Another hedge fund seeded by the legendary Tiger Management founder Julian Robertson Jr. is shutting down after posting nearly three consecutive years of losses. Tyrian Investments, founded in 2010 by Orlando Muyshondt, is closing its event-driven, long-short hedge fund firm, according to ValueWalk, citing two sources close to the fund. Its main fund, Tyrian Global Opportunities Fund, was down 15 percent this year, according to ValueWalk. It lost 3.1 percent in 2015 and 8.8 percent in 2014, according to several documents obtained by Alpha.
The firm had $535 million under management at the end of 2015, according to its most recent ADV filing, about half the more than $1 billion it managed in 2014. Tyrian regularly told clients it targeted a net exposure of 20 percent to 40 percent and a gross exposure of 150 percent to 180 percent. A 2014 report sent by Tyrian to clients states: “Mr. Muyshondt is keenly focused on capital preservation as the majority of his liquid net worth is invested in the Fund.” Oh well.
“Any non-household name that is down two years is toast,” says one investor in hedge funds who does not want to be identified. “Some down one year will be.”
___
Tyrian’s announced closing comes one day after Paul Hudson’s Glade Brook Capital Partners revealed it will close its hedge fund and instead launch separate vehicles that will take large stakes in public securities, according to Reuters. The Greenwich, Connecticut firm is planning to launch its first new fund, GB Special Opportunities Fund, in early 2017 with more than $200 million, according to the report.
“Our new, more opportunistic approach to public markets investing will enable us to better capitalize on big investment ideas by focusing our efforts and tailoring each fund to a specific investment program and the needs of our clients,” Hudson wrote in a letter dated November 29, according to Reuters.

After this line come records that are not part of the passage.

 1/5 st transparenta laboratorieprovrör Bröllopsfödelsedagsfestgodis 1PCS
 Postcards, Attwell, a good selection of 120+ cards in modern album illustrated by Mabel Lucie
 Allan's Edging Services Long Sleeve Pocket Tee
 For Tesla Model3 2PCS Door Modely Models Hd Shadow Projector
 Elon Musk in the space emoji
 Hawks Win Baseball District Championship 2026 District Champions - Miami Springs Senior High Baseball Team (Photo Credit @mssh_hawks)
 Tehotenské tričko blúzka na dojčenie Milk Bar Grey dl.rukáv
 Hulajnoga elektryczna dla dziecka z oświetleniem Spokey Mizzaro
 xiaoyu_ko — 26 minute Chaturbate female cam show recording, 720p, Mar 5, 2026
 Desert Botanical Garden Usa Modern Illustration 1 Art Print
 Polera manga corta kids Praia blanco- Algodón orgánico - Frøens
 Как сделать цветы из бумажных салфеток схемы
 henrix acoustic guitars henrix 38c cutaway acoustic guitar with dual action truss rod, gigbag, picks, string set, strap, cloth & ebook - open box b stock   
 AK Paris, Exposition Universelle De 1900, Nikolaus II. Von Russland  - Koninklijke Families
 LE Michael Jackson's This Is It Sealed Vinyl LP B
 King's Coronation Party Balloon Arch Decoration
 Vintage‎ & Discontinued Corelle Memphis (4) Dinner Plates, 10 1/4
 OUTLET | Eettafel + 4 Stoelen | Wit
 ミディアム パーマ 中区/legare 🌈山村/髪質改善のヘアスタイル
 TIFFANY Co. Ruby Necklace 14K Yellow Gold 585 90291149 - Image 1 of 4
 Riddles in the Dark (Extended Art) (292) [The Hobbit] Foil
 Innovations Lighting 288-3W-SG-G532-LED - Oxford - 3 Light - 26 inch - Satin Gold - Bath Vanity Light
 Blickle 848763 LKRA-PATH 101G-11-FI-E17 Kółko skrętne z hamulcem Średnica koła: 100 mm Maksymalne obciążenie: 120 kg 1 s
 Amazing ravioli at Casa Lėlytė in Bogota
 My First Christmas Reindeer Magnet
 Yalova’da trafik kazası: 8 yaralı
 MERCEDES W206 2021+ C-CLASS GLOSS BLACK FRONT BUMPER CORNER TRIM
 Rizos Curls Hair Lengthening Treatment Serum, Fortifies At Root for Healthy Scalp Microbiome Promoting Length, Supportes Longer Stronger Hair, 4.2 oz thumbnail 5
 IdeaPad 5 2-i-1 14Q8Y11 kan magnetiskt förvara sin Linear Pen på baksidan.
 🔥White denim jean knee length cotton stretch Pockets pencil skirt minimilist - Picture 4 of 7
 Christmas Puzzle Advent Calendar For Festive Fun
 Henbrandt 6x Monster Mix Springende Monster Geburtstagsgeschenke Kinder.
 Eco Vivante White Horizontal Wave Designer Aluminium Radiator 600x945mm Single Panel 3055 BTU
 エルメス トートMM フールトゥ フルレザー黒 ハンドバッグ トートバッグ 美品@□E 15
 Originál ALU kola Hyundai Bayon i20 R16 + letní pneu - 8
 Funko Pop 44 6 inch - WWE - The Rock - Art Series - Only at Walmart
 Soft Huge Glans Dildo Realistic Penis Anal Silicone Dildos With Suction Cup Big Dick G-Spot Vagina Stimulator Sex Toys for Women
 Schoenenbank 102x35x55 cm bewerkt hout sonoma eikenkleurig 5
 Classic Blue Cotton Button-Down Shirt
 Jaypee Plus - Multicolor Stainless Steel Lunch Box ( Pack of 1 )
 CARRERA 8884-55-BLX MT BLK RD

As we have reported in the past, about 1.5 years ago, Glade Brook drastically boosted its emphasis on private companies, such as Uber Technologies and Snap, and reduced its exposure to public equities. As of October 1, $935 million of the firm’s total assets of $1.2 billion were invested in private equity vehicles, according to a client letter obtained by Alpha. Hudson is sometimes called a Tiger Grandcub because he was a former managing director at Tiger Cub Chris Shumway’s Shumway Capital Partners.
___
Alphadyne Asset Management is spinning off its Asia investment team, according to Bloomberg, citing a person with knowledge of the matter. The New York hedge-fund firm currently manages $4.8 billion in assets. Bart Broadman, Alphadyne co-founder and chief investment officer of its Asia strategy, will serve as CIO of the new firm, which will be based in Singapore. It will manage about $2 billion, according to the report. The changes will take place in the first half of next year. It will continue to focus on economic trends in Asia, trading markets such as interest rates and foreign exchange. Alphadyne was founded in 2005 by Broadman and Philippe Khuong-Huu, who previously worked together at JPMorgan Chase & Co.
___
Shares of Rockwell Collins surged 3.6 percent on Thursday, to close at $96.07, after Bloomberg reported that activist hedge fund firm Starboard Value is pressuring the company to reconsider its planned $6.4 billion acquisition of B/E Aerospace. Starboard, headed by Jeffrey Smith, wants the supplier to airplane manufacturers to mull other options, including putting itself up for sale. Rockwell spokeswoman Pam Tvrdy told Bloomberg in an e-mailed statement: “We remain confident that the acquisition of B/E Aerospace will create significant value for our shareholders. We’re excited to bring together these two industry leaders and look forward to closing this transformative transaction in the spring of 2017.”
Shares of B/E Aerospace fell 1.7 percent, to close at $59.02. Boston-based Highfields Capital Management was B/E Aerospace’s third largest shareholder as of the end of the third quarter.
___
Separately, Starboard Value once again cut its stake in Insperity, to 4.8 percent. As a result, the activist firm no longer is required to report to regulators when it sells additional shares of the human resources services provider. In late May, Insperity and Starboard reached a compromise agreement whereby John Morphy, a director nominated by the Starboard, would be appointed to the board. Insperity’s board said it would launch a search for an additional independent director. The deal also called for the board to make changes to the composition of its standing committees.